Times are changing, technology is advancing and the landscape of our vineyards is changing. Until not long ago, it was common to find all our vineyards planted with goblet vines (low vines). But, for some time now, many wineries such as Barcolobo have opted for trellised vines. Both have their advantages and disadvantages. We explain below the difference between these two types of formations.
This planting system is the older of the two. In fact, there were years when it was even thought to be an old vineyard with low profitability. Nothing to see! The profitability of the plant does not depend on the cultivation system, but on the area and its climatic conditions.
Vessel training is simpler, more natural and lower cost (in implementation and maintenance – no extra components are required). It is, in principle, a more economical option. However, due to the conditions it presents, it does not allow the mechanization of tasks, so they must be carried out manually: pruning, harvesting, etc., which implies higher labor costs.
Visually, we find a low trunk from which the vegetative elements (leaves and bunches) are born in a radial shape. As a result, this plantation has less sun exposure and poorer aeration. This leads to rot problems, since the clusters are very close to the ground. However, for this same reason, as it has less grape load, the quality of the clusters is usually higher (with more alcohol content). Everything also depends on the number of arms that we leave.
To avoid this situation, wooden posts can be placed on each vine to collect the shoots and the large part of the plant’s plant mass. In this way, the clusters are more exposed to the sun and also to the air.

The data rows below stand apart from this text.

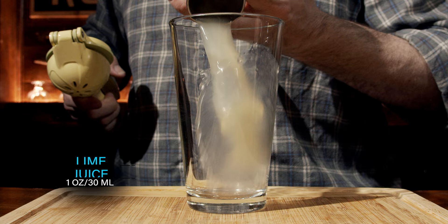Grab yourself a lime, give it a bit of a roll, then cut it in half and squeeze one ounce or 30 milliliters into the glass.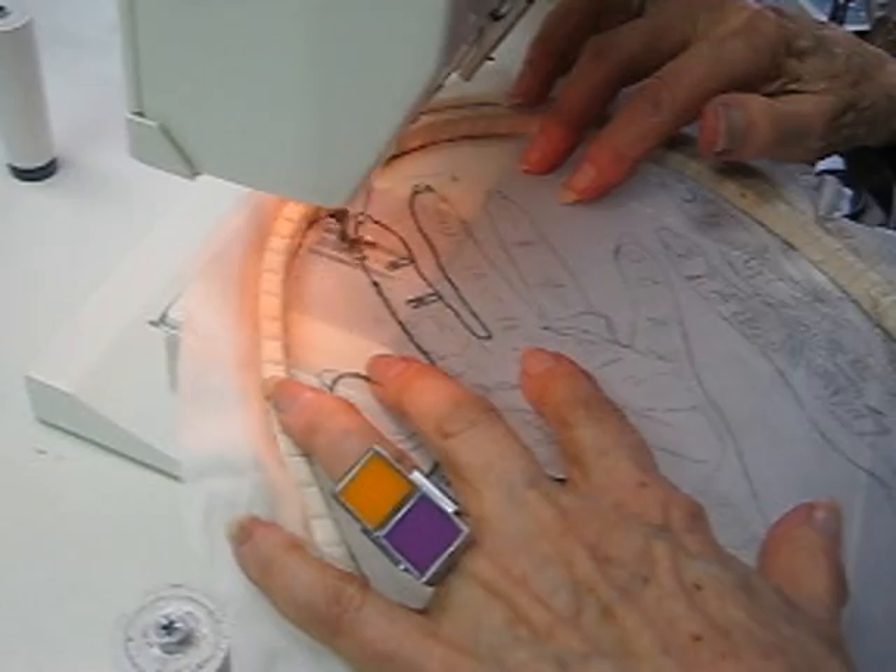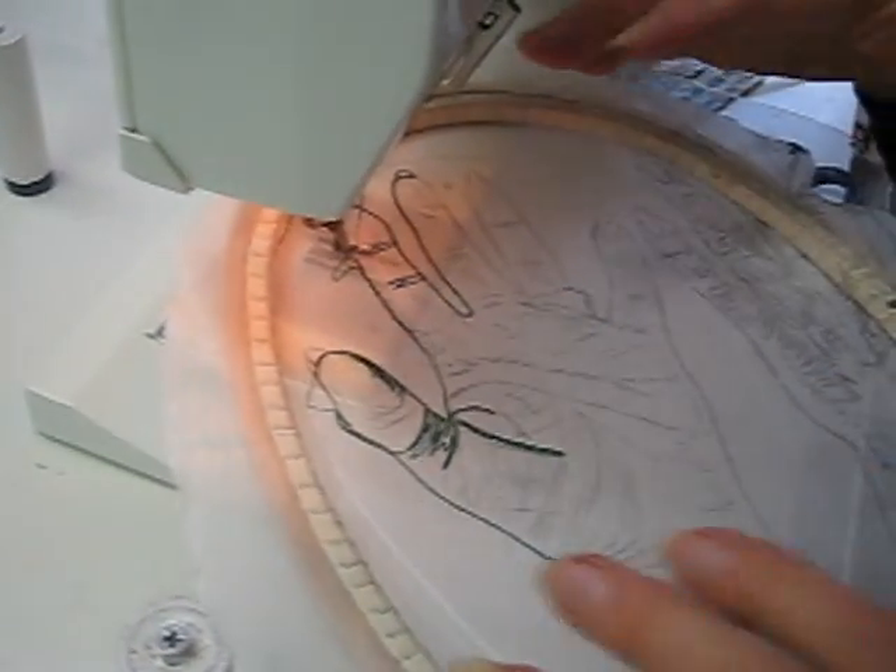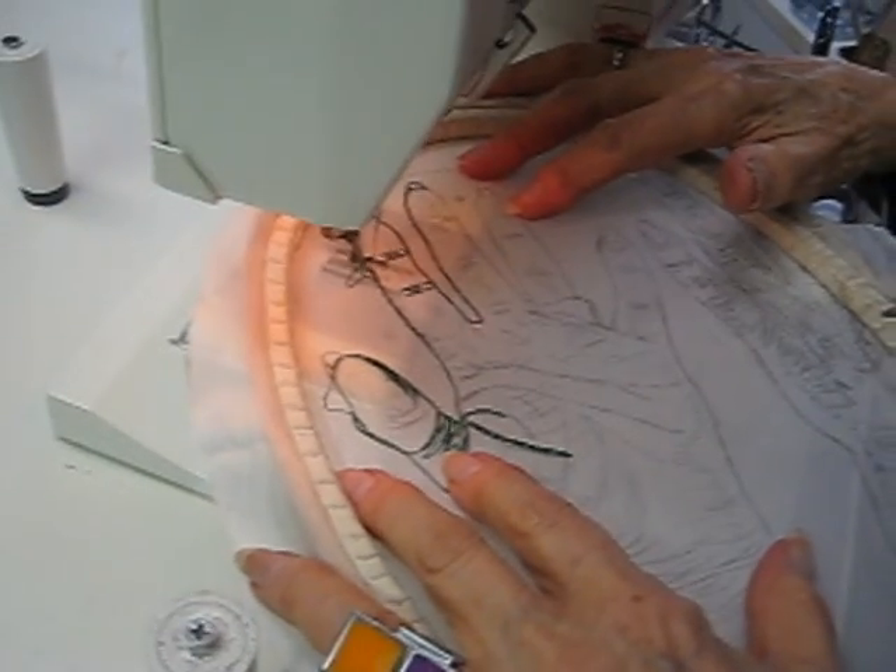Now when you get to a certain place, you can go out and make a mistake and come back because you could cut that off when it's been boiled. So there's no problem there.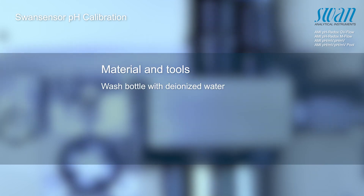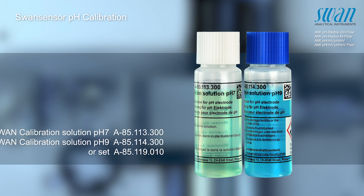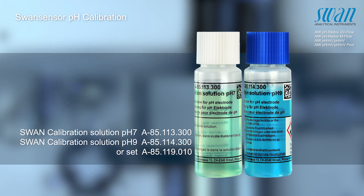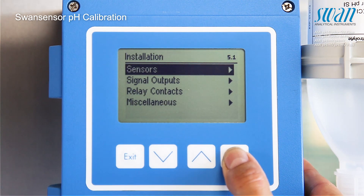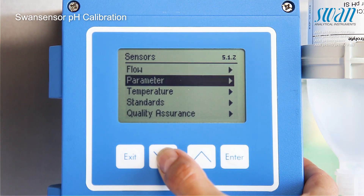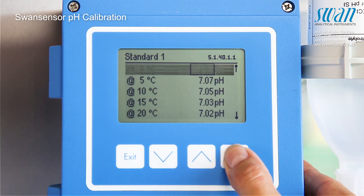The following components need to be prepared before getting started. Two standard calibration solutions are necessary to perform the calibration. Swan's standard pH solution pH 7 and pH 9 are preset with the temperature compensation table. In case different solutions are used, these values can be modified.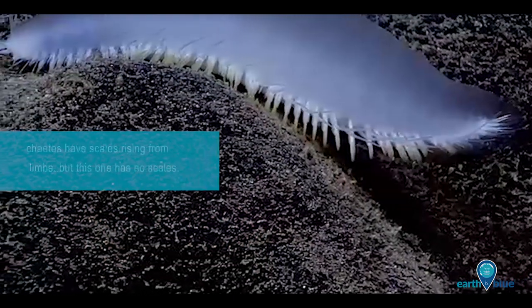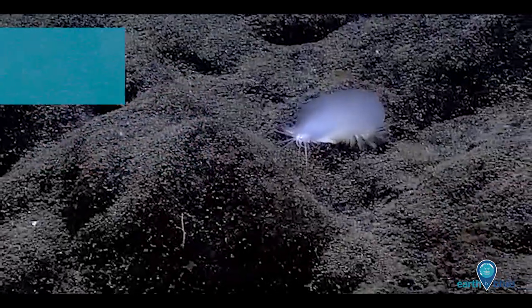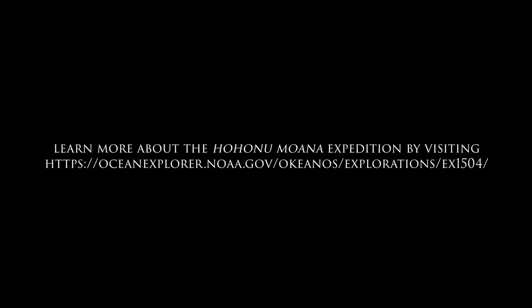The thing is, it's a polychaete worm, so it's a segmented worm, so there should be segmented lines. But there are no clearly defined scales, which would be structures that arise from the dorsal surface of those parapodial limbs that you see — and that's what we're not seeing, and that's what makes it so unusual.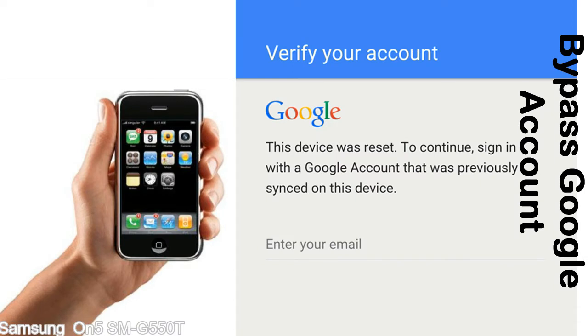Actually, this FRP lock is developed by Google, and we provide our FRP unlock solution for free. Today here we are providing the methods to unlock FRP lock phones. You can use this solution for almost all FRP lock devices.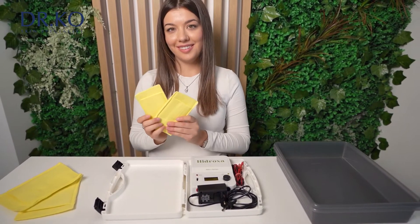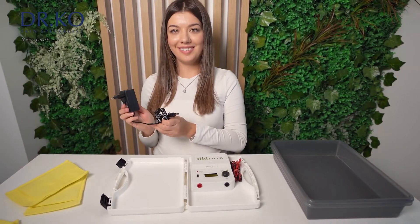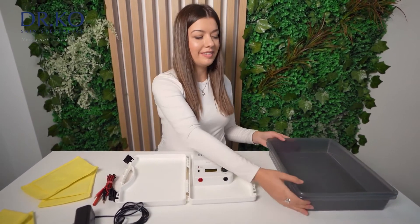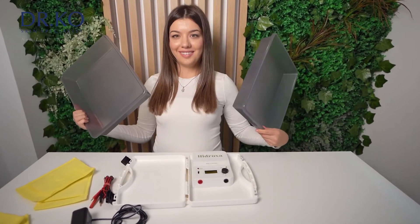In the package you will find our device, Hydroxa SE20, large and small pair of electrodes for the treatment of hands, feet and armpits, the charger, rechargeable batteries, as well as two plastic containers.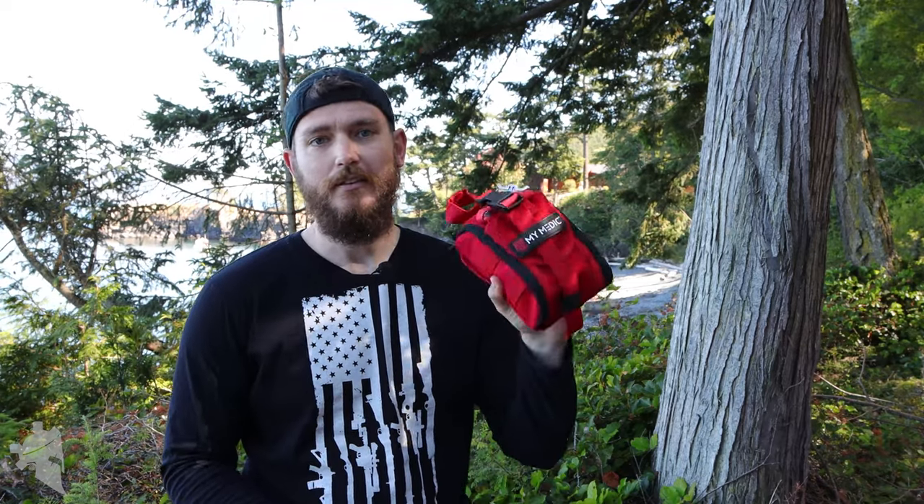This is a purpose-built medical kit for people on shooting ranges and people who are dealing with guns essentially. It's different from a traditional IFAC or Individual First Aid Kit issued by the military, because it covers everything from boo-boos and band-aids to blowouts and serious life-threatening conditions like sucking chest wounds and massive trauma that requires tourniquets.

The other vineyard formation is trellis planting, which Barcolobo is committed to. This more modern system allows the intrusion of technology and machinery into the soil. Therefore, although it initially requires a greater investment (installation of wires, posts and metal structures), labor costs are reduced and the work is much easier.
In addition, being at a higher altitude, the plant has better ventilation and exposure to the sun, which prevents many fungal diseases. These factors, so important for grapes, are synonymous with high quality bunches.
The choice of one system or another depends, therefore, on many factors. First and foremost, the orographic and climatic conditions. But it also depends on the investment to be made: whether you want a small plot for personal care and use, or you intend to form a large vineyard that requires machinery.